*** Records for this task ***

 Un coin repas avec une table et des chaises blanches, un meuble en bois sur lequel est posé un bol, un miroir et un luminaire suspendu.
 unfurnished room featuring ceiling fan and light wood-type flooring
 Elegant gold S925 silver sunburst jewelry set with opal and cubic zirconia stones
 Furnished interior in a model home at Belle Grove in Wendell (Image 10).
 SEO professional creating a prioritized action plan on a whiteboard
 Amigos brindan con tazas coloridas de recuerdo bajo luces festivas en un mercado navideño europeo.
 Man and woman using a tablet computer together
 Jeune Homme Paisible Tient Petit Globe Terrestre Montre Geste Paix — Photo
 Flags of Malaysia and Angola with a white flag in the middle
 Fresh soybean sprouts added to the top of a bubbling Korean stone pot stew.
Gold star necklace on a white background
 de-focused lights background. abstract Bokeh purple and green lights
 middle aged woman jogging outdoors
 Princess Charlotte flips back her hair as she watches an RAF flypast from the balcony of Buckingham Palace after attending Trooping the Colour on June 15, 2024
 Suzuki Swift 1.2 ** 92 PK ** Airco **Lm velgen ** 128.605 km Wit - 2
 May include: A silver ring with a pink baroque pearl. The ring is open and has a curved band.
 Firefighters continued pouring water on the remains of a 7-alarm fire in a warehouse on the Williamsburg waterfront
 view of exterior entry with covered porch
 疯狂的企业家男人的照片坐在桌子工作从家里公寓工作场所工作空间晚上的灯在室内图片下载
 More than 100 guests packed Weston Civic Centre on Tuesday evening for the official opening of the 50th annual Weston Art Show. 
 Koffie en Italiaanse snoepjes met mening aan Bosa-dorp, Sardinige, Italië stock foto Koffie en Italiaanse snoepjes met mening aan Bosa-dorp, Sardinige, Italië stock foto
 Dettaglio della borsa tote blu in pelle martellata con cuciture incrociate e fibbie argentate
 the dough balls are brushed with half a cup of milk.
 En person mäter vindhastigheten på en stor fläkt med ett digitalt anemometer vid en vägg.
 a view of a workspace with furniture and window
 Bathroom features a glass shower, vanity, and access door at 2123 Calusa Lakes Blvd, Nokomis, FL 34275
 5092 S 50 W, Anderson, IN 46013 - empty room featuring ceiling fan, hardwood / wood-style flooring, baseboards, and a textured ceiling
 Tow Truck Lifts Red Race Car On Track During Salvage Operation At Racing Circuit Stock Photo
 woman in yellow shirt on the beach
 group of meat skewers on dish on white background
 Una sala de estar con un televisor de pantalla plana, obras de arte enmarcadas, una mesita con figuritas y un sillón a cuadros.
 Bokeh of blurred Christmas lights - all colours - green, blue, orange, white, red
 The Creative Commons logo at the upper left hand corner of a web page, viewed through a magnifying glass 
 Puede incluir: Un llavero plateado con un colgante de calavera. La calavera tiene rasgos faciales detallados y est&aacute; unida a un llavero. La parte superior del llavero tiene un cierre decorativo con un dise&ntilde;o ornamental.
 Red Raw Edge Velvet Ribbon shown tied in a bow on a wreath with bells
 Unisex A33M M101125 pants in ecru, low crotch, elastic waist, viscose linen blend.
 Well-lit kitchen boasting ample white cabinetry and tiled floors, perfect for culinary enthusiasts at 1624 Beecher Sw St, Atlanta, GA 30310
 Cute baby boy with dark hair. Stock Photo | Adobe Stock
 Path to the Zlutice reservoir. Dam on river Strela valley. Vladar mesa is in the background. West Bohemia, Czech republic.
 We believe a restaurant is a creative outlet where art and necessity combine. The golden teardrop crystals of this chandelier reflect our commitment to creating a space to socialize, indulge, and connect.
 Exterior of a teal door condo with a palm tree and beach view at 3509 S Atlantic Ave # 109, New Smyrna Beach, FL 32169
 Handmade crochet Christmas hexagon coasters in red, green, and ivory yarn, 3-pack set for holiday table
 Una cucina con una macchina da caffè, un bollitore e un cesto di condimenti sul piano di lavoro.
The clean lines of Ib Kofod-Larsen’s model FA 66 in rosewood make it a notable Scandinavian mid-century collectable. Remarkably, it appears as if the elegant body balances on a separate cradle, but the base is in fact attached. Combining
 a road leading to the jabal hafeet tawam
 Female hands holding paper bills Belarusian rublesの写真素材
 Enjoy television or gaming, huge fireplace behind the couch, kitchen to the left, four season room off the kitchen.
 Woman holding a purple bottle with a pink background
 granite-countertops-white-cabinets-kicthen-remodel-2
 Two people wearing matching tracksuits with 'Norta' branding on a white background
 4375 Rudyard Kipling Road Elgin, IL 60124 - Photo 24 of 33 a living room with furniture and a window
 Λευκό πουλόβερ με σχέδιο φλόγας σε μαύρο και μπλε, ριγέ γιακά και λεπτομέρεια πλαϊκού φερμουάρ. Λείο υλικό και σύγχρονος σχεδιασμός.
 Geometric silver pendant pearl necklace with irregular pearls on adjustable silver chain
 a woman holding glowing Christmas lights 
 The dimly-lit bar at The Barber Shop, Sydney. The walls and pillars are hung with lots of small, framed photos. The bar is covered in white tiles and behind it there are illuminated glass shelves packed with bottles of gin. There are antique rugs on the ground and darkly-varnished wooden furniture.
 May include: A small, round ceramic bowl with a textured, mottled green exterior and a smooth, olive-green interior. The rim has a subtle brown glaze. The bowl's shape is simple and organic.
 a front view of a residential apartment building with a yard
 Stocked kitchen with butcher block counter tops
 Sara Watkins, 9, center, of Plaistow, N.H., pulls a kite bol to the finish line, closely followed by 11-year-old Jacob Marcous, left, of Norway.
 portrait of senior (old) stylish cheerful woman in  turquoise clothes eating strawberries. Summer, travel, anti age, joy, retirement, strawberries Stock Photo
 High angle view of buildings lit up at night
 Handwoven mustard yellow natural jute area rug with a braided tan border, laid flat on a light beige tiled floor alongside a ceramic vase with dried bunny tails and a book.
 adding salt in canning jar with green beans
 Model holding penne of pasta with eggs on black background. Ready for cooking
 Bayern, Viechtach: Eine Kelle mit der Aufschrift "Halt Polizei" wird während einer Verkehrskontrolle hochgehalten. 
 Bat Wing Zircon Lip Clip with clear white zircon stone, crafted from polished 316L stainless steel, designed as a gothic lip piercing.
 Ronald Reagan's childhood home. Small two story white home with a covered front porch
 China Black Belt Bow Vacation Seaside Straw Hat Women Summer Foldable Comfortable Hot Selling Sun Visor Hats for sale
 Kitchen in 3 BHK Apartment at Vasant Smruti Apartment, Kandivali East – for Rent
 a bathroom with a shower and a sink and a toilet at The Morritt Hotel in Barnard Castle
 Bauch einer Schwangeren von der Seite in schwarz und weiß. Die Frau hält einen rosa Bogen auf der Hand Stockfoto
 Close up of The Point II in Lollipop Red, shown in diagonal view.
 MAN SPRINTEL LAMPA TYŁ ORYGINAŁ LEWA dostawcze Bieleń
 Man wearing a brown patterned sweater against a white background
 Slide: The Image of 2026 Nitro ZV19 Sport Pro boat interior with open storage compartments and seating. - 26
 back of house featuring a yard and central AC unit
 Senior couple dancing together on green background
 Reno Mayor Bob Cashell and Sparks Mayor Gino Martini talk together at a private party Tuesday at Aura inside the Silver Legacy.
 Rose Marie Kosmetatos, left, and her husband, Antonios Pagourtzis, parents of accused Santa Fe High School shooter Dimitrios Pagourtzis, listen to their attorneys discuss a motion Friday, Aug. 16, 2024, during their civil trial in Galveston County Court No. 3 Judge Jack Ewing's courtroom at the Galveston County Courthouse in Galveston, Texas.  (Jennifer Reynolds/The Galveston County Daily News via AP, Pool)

*** End of Records for this task ***

**Directions**
Counting only lines that hold "holding", state how many appear in the records, and give nothing but the number.

**Worked solution**
4